Consumer and industry reaction
Anything that restricts consumer options is bound to be criticized and there are undoubtedly some people who will view these charges as another fee grab.

So far, however, the fee isn't scaring off True North's customers. Despite introducing it this year, the company's volume has risen 50 per cent. "A client who doesn't sign [our borrower agreement when applying] was never going to be a customer anyway," Mr. Eisner says. He admits that it's occasionally a hard sell, since most banks don't charge cancellation fees (yet). But brokers who do must provide better rates, better advice and a better customer experience.

"The biggest competitors for brokers are the banks, and brokers have long been impacted by banks matching rates," says Jim Murphy, President and CEO of the Canadian Association of Accredited Mortgage Professionals. One of the major benefits of using a broker is that you do not pay, he added, especially on a well-qualified deal.

Opinions in the mortgage industry are mixed. Realtors have had exclusivity agreements for years. And in the U.S., fees are commonplace, with a median mortgage application fee of $365 (U.S.), according to the Federal Reserve. But $365 is a lot more tolerable than 1 per cent standard cancellation fee, which amounts to about $1,750 on the average Canadian mortgage.

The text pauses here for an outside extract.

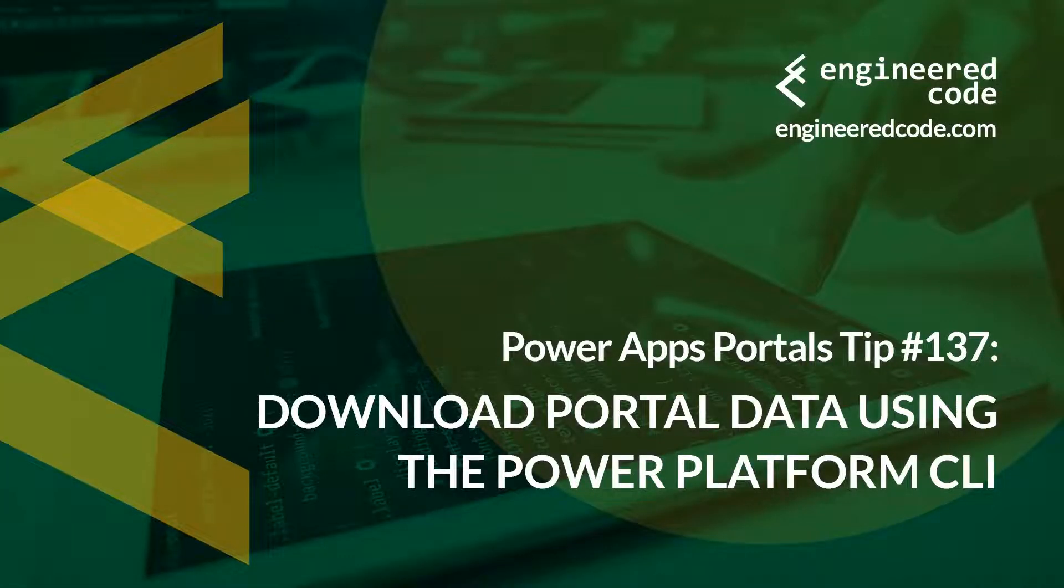Thanks for watching, and I hope you found the PowerApps Portals Tip number 137, on download portal data using the Power Platform CLI, useful.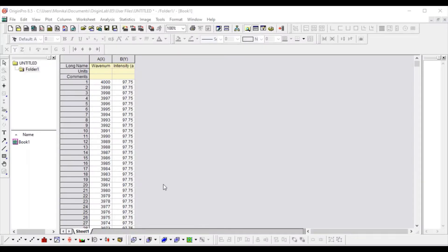Hello guys, today I will tell you how to highlight any range of any graph. This is the Origin window, as you can see here. Before we start, please like and subscribe my channel — and please subscribe using your Gmail, not your university ID.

Another challenge with cancellation charges is that enforcing them can get messy. And there are also disclosure risks if clients are not explicitly made aware of such fees (e.g., if they're buried deep in the paperwork). As a result, some brokers believe they could reflect poorly on the industry.

Will they stick?
In an ideal world, the lender or broker with the best overall deal should win the client's business. That seems logical. But cancellation fee advocates say that doesn't mitigate customers who ask for a complete approval with little intention of closing with that lender. That increases costs in a market with razor thin margins, costs that are eventually transferred back to consumers.

Going forward, there will unquestionably be more lenders and brokers that tie better rates to such fees. Whether it's a trend with legs will depend on how superior the value is, and if no-fee lenders or brokers are willing to match that value. In the end, mortgage consumers will vote with their signatures.